Going to Cannes, hating Raging Bull and A.I. … and loving indie horror

Been a while but I’ve been so busy, updating ye olde virtual CV has been the last thing on my mind. We’re now beginning the sixth and possibly final draft of the new horror project which, hopefully, could begin production by the end of this month.

I’m also knee-deep in the fourth draft of my A24-style horror fantasy.
Real happy with the way it’s shaping up.

In other news, I just heard that we have a team representing us at the Cannes Film Festival—that’s BenAliza Productions and our film The Truffaut Affair [currently in post-production]. Very excited to see some photos and video of the event. @benalizapictures & @truffautaffair on IG

Good movies I’ve seen lately:

Blank Page – A super indie, microbudget contained horror. Very well done. See it HERE

I also enjoyed Late Night with the Devil. Watched it before I heard about the A.I. controversy. As much as I hate A.I., I’m not sure I would’ve boycotted it but we do need to get this beast under control. More on that below

I finally watched two classics that were real bummers: Raging Bull, which I found to be so badly written and so badly acted that either the world is crazy or I am. What a terrible movie. I don’t get the hype. The other was Last Tango in Paris. It was just nothing for twenty minutes so I finally shut it off.

I love Brando and I love French Films.
I don’t know what this was but I know it was not good.

Oh, I also loved 13 Sins, a relatively low-budget film with some name talent. Really cool premise. You want a great example of high concept? Check out 13 Sins. It’s not scary but it is fun.

And, now, my rant against Artificial Intelligence!

Maybe it’s career suicide but I’ve been toying with slapping the following disclaimer on every screenplay I send out. No, it’s not legally binding. And it may be off-putting to those with a death grip on the stylistic conventions of spec scripts but it feels like more than ever before people need to be reminded that, by working with A.I., they are simply training their replacements.

NOTE: The author does not consent to any portion of this screenplay being analyzed, synopsized, or otherwise entered into any form of Artificial Intelligence program, app, search engine, or any similar or as-of-yet devised method of computerized intellectual property recording, learning, or mimicry—regardless of stated or intended purpose.

Knowing how greedy and lazy much of our species is, there’s likely no stopping the full-scale implementation of artificial intelligence.

After all, it’s already fairly ubiquitous.

The fact that it hasn’t yet replaced the bulk of human endeavors—of both the creative and skilled varieties—is only due to its relative newness.

But, given time, A.I. will end up eliminating the need for millions of workers.

The fact that it’s inevitable won’t sway me from my stance.

I’m against it in its entirety. I don’t care how many amazing doo-dads it can create or how nifty its curated (stolen) digital images, music, motion pictures, and writing are via its only means of production: circuitous theft of the human soul.

I know, I know, I’m making my protestations to—largely—a ravenous horde of nincompoops who salivate at the notion of a machine that can do their work for them.

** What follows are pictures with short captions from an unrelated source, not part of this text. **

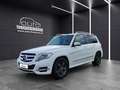 Mercedes-Benz GLK 250 CDI 4Matic Memo*Navi*Shzg*Bi-Xenon*AHK Weiß - thumbnail 1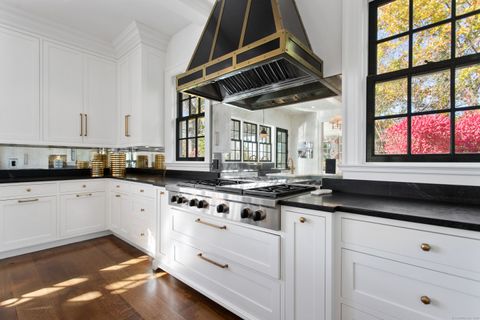 Tiny photo for 5 Hidden Hill Road, Westport, CT 06880 (MLS # 24136963)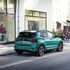 Volkswagen T-Cross alla Milano Design Week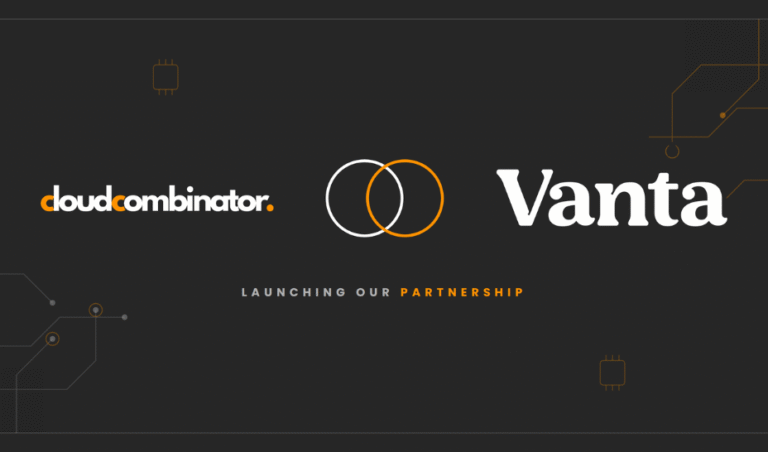 Cloud Combinator partners with Vanta to deliver AI security and compliance for AWS startups (Sponsored)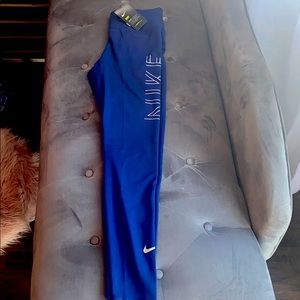 Nike tights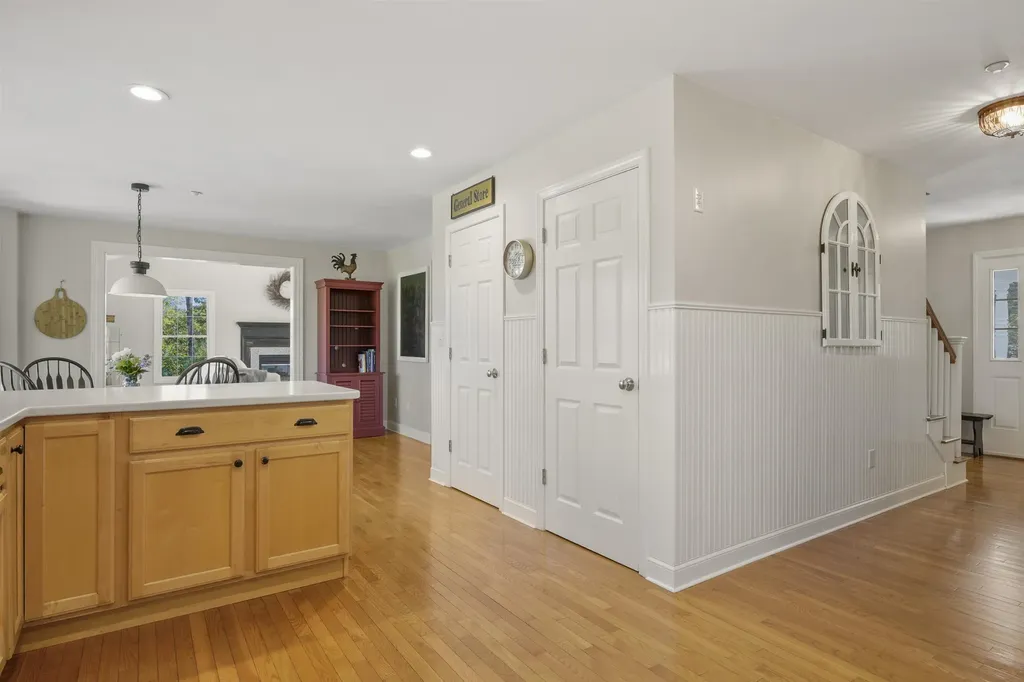 2 Wallace Lane Mont Vernon NH 03057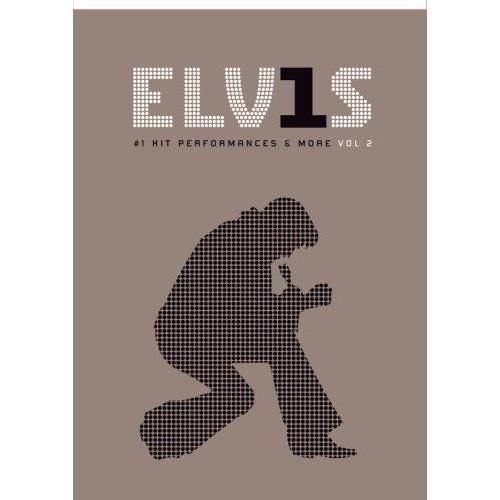 Elvis #1 Hit Performances And More, Vol. 2 on Productcaster.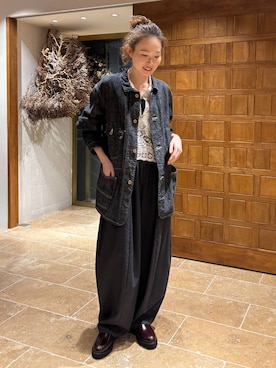 erik97さんのコーディネート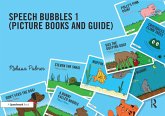 Speech Bubbles 1 (Picture Books and Guide) (eBook, PDF) Speech Bubbles 1 (Picture Books and Guide) (eBook, PDF)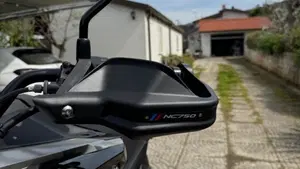 Honda NC 750 X (2025 - 26)  (2)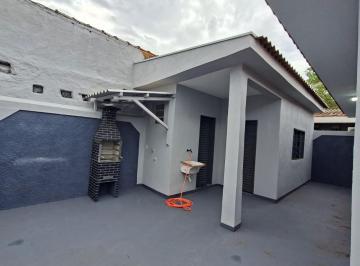 Casa · 160m² · 4 Quartos · 3 Vagas · Casa para venda em Parque São Sebastião de 160.00m² com 4 Quartos, 1 Suite e 3 Garagens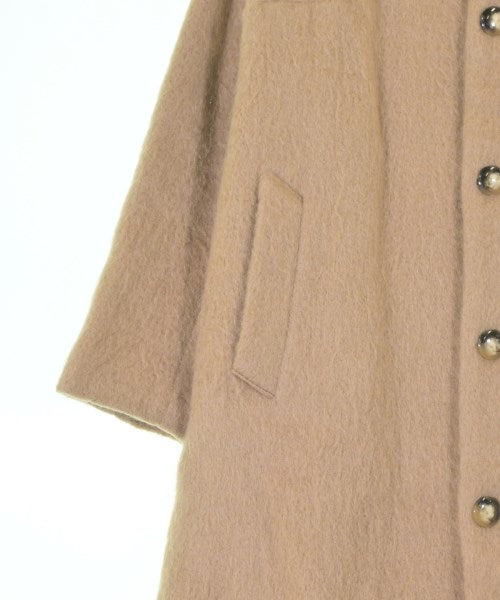 PARC LAMU 支撐領外套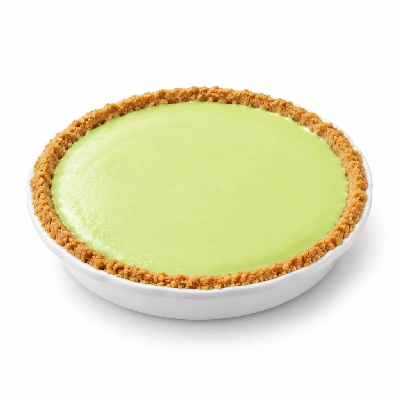 Buffets Reduced Sugar Lime Pie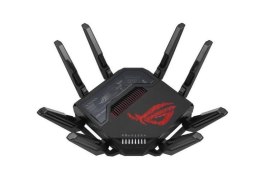 Asus Router GT-BE98 ROG Rapture WiFi 7 Backup WAN Porty 10G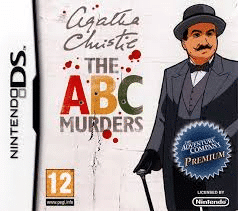 Release - Agatha Christie: The ABC Murders 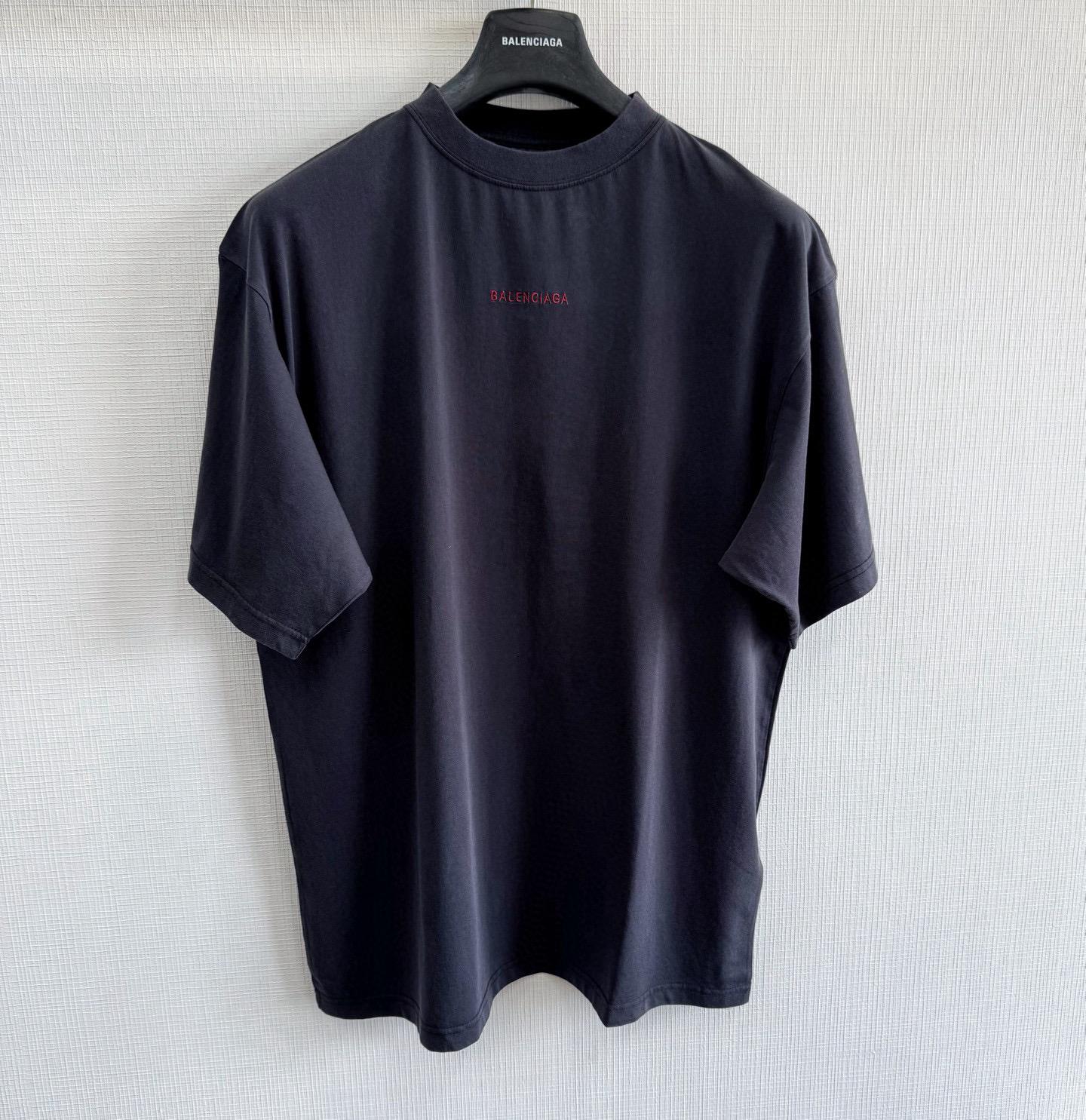 Balenciaga T-Shirt – TSHP3502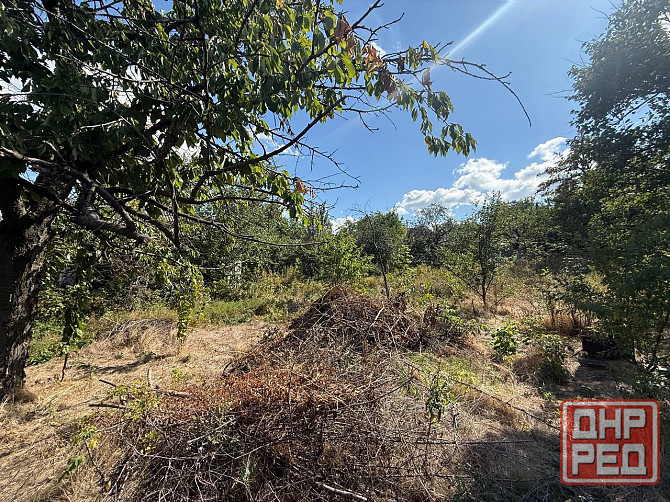 Продажа отдельно стоящего дома - Земля приватизирована - Киевский район Донецка ул Донецк - изображение 2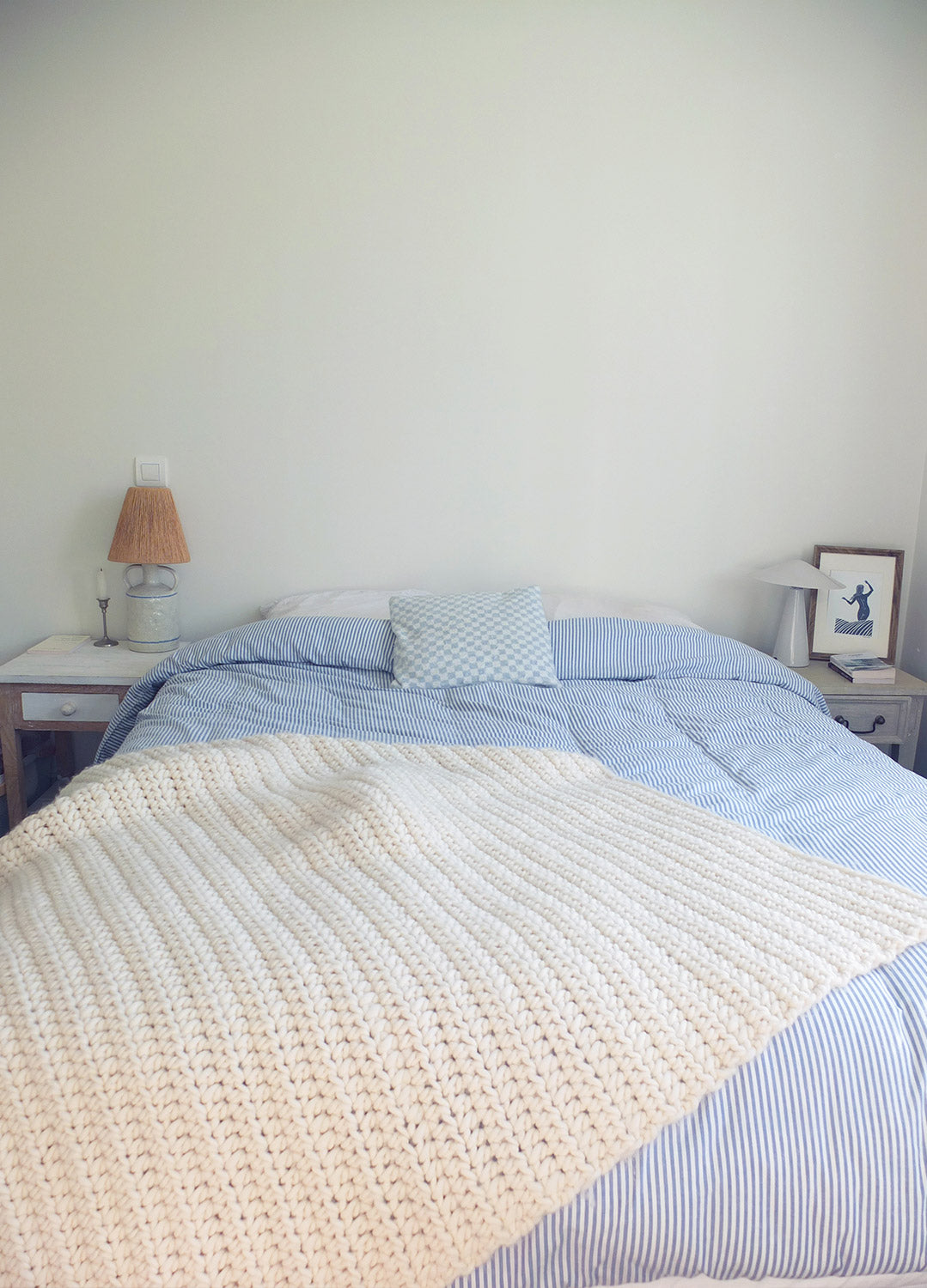 Matcha Blanket Kit - Yummy Version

My only bit of solace is that they will realize only too late their participation in their own replacement. When that time arrives, they will be very sad. And very fucked.

The only people who really stand to benefit from allowing machines to take over jobs which require human creativity are the handful of masters at the top—the millionaires and billionaires who already control everything and certainly don’t need more …

But more is what they always want. The greedy shits.

And, so, humankind will primarily be relegated to the few manual service jobs that robots and artificial intelligent software can’t figure out how to do.

I guess that pretty much leaves grocery deliverers and taxi drivers.

Of course, when they figure out the whole self-driving car and drone delivery thing … that’ll be the end of those jobs too.

Inevitable or not, I refuse to participate in my own replacement.

And I have few kind words for anyone who does.

Right now, in a couple of the screenwriting groups I belong to on Facebook, you can find a fairly large number of people who claim to shun A.I. but an equally robust camp of those who are all for it.

The pro-soulless-machine group mostly claims to only use A.I. to help them come up with ideas, to help with grammatical and structural issues, and to analyze their writing for feasibility, marketability, general quality—jobs once held by human readers and writers.

I say, if you are unable or unwilling to create your own ideas, write your own first drafts, edit your own writing, and then utilize human colleagues for feedback … you shouldn’t be a writer.

You need to find a new hobby. Because you are a hack, a liar, a phony, and a traitor to your fellow man … and to the art you pretend to revere.

I’d rather be an artistic dinosaur killed off by a refusal to participate in the new insanity than sell my soul to the Digital Devil.

Art must be made by humans. That’s all there is to it.

Anyone with self-respect and love for true art should stand together with his fellows and demand that machine-made garbage be labeled as such.

Remember when MADE IN USA used to mean something?

Well, MADE BY HUMANS should be the new seal of quality on every song, book, painting, film, sculpture, and photo.

Beware my fellow neo-luddites … it is a very late night with the devil indeed.